- [Instructions for the task]: Take the data below and repeat it exactly.

- [Saved data entries]:
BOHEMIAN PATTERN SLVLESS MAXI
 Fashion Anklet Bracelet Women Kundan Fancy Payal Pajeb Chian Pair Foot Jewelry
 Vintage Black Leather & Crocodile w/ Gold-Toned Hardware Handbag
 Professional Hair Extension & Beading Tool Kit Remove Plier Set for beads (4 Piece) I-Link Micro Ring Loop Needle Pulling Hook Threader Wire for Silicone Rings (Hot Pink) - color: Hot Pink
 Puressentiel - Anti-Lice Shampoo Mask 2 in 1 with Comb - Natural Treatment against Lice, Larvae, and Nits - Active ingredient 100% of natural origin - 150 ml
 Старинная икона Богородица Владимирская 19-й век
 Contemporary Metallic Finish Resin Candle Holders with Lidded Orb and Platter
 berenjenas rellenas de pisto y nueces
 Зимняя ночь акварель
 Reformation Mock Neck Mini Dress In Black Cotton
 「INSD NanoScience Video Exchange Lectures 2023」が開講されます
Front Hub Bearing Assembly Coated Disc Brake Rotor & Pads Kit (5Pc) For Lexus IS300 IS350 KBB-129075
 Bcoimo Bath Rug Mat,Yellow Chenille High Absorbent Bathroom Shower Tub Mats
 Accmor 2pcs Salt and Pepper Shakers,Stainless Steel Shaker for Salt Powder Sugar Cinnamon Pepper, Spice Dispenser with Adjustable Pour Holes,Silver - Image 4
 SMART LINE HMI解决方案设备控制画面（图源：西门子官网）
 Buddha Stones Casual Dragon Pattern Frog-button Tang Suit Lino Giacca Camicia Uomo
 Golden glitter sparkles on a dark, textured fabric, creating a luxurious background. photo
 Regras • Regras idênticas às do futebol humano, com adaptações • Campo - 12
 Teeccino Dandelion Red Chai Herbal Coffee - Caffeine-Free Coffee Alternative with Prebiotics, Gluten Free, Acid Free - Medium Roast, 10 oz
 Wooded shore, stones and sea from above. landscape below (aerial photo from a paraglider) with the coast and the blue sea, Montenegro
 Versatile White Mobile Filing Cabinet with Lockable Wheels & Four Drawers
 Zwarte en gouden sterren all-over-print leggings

- [Response area]:
BOHEMIAN PATTERN SLVLESS MAXI
 Fashion Anklet Bracelet Women Kundan Fancy Payal Pajeb Chian Pair Foot Jewelry
 Vintage Black Leather & Crocodile w/ Gold-Toned Hardware Handbag
 Professional Hair Extension & Beading Tool Kit Remove Plier Set for beads (4 Piece) I-Link Micro Ring Loop Needle Pulling Hook Threader Wire for Silicone Rings (Hot Pink) - color: Hot Pink
 Puressentiel - Anti-Lice Shampoo Mask 2 in 1 with Comb - Natural Treatment against Lice, Larvae, and Nits - Active ingredient 100% of natural origin - 150 ml
 Старинная икона Богородица Владимирская 19-й век
 Contemporary Metallic Finish Resin Candle Holders with Lidded Orb and Platter
 berenjenas rellenas de pisto y nueces
 Зимняя ночь акварель
 Reformation Mock Neck Mini Dress In Black Cotton
 「INSD NanoScience Video Exchange Lectures 2023」が開講されます
Front Hub Bearing Assembly Coated Disc Brake Rotor & Pads Kit (5Pc) For Lexus IS300 IS350 KBB-129075
 Bcoimo Bath Rug Mat,Yellow Chenille High Absorbent Bathroom Shower Tub Mats
 Accmor 2pcs Salt and Pepper Shakers,Stainless Steel Shaker for Salt Powder Sugar Cinnamon Pepper, Spice Dispenser with Adjustable Pour Holes,Silver - Image 4
 SMART LINE HMI解决方案设备控制画面（图源：西门子官网）
 Buddha Stones Casual Dragon Pattern Frog-button Tang Suit Lino Giacca Camicia Uomo
 Golden glitter sparkles on a dark, textured fabric, creating a luxurious background. photo
 Regras • Regras idênticas às do futebol humano, com adaptações • Campo - 12
 Teeccino Dandelion Red Chai Herbal Coffee - Caffeine-Free Coffee Alternative with Prebiotics, Gluten Free, Acid Free - Medium Roast, 10 oz
 Wooded shore, stones and sea from above. landscape below (aerial photo from a paraglider) with the coast and the blue sea, Montenegro
 Versatile White Mobile Filing Cabinet with Lockable Wheels & Four Drawers
 Zwarte en gouden sterren all-over-print leggings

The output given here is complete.